Recently I was asked if captchas.net is still secure today. My guess was it probably was not very secure, when compared to the fuzzy text of reCAPTCHA, but I wasn’t sure by how much, so I decided to look into it a bit more.
As you may know, Google has deprecated their old reCAPTCHA V1 API, in favor of their new reputation and image recognition based system. Apparently this may also in-part be because advances in text recognition software is starting to make the fuzzy text challenge obsolete.
As a research experiment, I decided to try my hand at solving captchas.net captchas with only software, and see how well I could do.
A few things up-front:
- As much as I like open source, I’m not going to publish the research code, as it would only by abused by script kiddies.
- It’s important to keep in mind that if a captcha system is good enough for your needs depends on if you just want to reduce the amount of bot traffic, or actually keep bots out (and remember that hackers can use cheap captcha-solving services which use people to solve them).
Alright, so the first step is to take a look at a sample captcha.
So what were dealing with is:
- Random noise
- Rotated characters
- Low-resolution text
On the plus side, we have these things going for us:
- A predictable length of 6 characters
- Case-insensitive matching
- Reloading the image over and over gives a different random sample
So, let’s see what we can do.
Utilizing ImageMagick, we can cleanup the noise up a bit, and crop out the important area.
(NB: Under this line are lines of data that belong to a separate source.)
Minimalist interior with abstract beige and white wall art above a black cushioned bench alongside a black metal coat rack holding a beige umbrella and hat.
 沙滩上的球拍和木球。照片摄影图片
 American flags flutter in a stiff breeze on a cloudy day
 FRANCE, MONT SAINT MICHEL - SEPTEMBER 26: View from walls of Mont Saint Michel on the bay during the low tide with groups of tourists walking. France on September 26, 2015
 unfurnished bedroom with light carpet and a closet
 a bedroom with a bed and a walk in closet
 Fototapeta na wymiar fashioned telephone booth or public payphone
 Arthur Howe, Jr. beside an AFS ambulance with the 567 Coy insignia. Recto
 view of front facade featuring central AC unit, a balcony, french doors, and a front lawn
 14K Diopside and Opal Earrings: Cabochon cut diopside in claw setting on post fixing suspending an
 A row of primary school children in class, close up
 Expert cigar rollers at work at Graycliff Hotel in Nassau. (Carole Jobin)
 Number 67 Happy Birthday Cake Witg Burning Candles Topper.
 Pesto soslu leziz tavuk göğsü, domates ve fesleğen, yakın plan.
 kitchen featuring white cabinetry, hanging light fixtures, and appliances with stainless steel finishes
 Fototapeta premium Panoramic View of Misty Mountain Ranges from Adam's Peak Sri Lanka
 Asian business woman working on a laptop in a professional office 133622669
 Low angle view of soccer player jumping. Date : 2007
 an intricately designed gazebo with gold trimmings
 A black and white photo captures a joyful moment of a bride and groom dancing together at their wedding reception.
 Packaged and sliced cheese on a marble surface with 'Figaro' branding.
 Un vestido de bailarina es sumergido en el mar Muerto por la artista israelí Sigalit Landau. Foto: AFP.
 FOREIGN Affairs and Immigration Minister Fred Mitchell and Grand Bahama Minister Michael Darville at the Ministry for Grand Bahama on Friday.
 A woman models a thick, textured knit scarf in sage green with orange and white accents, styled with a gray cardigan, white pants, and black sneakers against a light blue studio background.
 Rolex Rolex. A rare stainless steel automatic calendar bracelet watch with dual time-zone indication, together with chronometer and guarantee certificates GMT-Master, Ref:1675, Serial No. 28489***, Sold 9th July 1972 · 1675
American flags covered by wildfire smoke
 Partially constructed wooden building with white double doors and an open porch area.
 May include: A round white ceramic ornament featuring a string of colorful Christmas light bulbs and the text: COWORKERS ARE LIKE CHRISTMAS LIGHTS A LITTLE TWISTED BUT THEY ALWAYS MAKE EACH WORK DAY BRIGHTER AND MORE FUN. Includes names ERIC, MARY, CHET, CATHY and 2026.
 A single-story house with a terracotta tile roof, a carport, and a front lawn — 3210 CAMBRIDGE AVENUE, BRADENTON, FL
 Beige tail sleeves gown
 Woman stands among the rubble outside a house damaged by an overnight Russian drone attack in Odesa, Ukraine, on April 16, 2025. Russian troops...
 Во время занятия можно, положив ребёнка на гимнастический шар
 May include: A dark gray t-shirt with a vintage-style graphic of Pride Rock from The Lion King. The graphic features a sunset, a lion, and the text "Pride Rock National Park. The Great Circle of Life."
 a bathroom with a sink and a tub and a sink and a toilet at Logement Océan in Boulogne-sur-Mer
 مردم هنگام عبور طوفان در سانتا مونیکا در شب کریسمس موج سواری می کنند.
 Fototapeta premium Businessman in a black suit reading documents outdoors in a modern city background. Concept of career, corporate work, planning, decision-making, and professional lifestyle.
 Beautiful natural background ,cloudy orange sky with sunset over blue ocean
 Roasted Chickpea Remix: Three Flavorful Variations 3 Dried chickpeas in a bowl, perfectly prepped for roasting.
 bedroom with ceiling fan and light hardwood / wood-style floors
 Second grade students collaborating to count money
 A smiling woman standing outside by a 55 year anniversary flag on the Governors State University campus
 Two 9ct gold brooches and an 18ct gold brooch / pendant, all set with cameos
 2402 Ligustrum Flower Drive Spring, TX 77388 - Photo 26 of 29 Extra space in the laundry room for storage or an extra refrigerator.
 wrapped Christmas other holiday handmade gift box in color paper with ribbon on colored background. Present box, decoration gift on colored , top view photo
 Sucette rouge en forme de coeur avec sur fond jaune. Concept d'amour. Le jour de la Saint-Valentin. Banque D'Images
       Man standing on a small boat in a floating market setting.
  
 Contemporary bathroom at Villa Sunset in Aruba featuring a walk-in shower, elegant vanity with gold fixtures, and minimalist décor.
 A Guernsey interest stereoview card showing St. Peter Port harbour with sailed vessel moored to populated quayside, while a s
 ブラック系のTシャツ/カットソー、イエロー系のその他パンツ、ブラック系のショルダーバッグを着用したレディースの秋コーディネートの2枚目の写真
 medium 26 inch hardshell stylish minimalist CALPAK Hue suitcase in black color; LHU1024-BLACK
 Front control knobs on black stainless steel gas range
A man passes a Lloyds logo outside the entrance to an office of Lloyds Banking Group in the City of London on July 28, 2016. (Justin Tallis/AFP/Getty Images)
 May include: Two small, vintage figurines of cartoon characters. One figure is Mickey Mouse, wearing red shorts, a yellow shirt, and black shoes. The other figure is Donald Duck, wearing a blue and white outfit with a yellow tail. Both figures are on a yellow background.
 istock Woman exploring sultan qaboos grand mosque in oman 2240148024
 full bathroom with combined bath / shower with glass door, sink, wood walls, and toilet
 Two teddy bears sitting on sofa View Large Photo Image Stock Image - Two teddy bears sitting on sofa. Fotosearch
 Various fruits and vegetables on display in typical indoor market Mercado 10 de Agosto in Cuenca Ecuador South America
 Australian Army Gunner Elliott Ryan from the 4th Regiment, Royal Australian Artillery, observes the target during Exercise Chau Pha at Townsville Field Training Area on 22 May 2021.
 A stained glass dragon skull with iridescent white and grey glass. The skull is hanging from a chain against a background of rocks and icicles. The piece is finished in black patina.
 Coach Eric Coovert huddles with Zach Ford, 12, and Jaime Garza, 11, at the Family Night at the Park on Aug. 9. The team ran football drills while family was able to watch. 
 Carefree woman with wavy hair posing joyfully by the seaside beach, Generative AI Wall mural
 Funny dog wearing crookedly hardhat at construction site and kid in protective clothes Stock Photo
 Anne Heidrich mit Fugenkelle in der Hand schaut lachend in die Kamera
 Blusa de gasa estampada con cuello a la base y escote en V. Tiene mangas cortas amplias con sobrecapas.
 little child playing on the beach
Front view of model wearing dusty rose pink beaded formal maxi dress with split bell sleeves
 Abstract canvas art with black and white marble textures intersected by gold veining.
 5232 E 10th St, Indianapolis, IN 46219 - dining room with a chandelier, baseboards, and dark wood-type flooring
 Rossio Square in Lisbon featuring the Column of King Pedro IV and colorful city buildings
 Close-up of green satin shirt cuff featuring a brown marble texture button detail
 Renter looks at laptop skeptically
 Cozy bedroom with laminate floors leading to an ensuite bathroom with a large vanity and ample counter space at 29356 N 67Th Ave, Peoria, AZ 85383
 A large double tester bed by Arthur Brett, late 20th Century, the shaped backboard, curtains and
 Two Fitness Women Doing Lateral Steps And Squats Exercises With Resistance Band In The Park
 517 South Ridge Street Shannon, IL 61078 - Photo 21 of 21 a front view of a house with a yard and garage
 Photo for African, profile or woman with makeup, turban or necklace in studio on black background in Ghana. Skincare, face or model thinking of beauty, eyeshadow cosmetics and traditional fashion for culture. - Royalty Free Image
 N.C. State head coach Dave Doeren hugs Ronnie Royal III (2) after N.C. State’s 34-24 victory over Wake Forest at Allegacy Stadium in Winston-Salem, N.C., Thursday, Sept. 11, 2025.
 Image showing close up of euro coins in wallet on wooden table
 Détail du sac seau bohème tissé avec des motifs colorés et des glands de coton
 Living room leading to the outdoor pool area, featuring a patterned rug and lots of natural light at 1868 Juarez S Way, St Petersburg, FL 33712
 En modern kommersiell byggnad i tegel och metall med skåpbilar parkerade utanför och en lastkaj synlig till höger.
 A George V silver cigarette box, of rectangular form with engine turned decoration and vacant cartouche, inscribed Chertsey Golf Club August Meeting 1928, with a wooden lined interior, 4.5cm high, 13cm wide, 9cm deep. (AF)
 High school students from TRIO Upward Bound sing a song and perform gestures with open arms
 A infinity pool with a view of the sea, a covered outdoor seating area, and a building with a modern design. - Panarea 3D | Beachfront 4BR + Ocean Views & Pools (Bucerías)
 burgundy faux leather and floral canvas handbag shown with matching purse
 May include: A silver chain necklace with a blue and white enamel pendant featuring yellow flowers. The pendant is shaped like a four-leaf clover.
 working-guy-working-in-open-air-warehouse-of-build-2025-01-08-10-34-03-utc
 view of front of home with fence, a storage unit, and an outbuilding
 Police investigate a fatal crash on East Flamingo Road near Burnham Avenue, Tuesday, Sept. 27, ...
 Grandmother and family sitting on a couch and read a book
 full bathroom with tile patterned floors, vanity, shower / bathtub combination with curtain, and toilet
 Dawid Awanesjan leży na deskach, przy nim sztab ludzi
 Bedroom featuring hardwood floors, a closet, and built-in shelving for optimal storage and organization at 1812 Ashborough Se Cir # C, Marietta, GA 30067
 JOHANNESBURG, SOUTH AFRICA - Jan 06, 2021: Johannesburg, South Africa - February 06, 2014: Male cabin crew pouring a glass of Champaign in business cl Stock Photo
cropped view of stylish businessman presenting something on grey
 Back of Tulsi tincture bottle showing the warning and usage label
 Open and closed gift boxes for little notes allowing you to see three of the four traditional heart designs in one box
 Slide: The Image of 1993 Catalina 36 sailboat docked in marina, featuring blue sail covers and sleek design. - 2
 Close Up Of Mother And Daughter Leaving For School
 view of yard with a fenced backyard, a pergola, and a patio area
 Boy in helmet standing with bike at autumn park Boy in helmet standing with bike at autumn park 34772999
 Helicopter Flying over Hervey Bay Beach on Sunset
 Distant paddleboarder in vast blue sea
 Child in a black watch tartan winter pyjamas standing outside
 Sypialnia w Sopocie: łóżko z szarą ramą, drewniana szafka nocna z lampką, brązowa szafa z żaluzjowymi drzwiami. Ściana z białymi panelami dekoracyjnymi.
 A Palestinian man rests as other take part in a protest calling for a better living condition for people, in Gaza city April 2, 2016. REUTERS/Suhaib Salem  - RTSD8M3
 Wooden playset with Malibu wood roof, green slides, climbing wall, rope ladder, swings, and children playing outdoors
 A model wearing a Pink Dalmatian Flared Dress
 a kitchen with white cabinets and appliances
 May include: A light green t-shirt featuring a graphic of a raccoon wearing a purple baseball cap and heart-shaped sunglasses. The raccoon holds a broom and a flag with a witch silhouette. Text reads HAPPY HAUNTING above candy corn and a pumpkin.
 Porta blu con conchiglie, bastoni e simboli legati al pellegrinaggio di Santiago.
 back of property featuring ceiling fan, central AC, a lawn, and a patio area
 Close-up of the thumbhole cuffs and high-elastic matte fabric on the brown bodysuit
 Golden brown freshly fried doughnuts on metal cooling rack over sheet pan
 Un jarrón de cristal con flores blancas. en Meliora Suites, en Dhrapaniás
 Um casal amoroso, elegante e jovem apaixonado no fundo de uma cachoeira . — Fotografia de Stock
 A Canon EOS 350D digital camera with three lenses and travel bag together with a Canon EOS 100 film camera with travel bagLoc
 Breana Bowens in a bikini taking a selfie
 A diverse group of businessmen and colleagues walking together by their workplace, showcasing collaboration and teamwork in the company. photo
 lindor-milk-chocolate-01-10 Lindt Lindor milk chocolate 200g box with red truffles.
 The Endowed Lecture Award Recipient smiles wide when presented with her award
Cool, now we have something we can feed to Tesseract. If we tweak the settings a bit to get a good result.
Case-insensitive means that’s close enough!
Let’s benchmark this.
After a few hundred tests, the average success rate on reading a random captcha is ~16%.
Yikes! 16% may not seem like a high percentage, but for most things a bot would have no problem submitting a form 6-7 times until it gets it right, and in less time than a person could do it.
But it gets worse. Remember how reloading the image over and over again produces a different random image? Using this information, we can request the same image multiple times to improved the guess, at the expense of more resources.
Using a dynamic range of 5-25 (how ever many it takes to get 5 that produce the same result, or best out of 25), I was able to boost the percentage to ~74%.
Ouch! That’s pretty bad.
And they actually charge money for this captcha service (if you want to remove the watermark, or self-host it).
In short, I think it’s safe to say captcha systems which were once secure, may no longer be.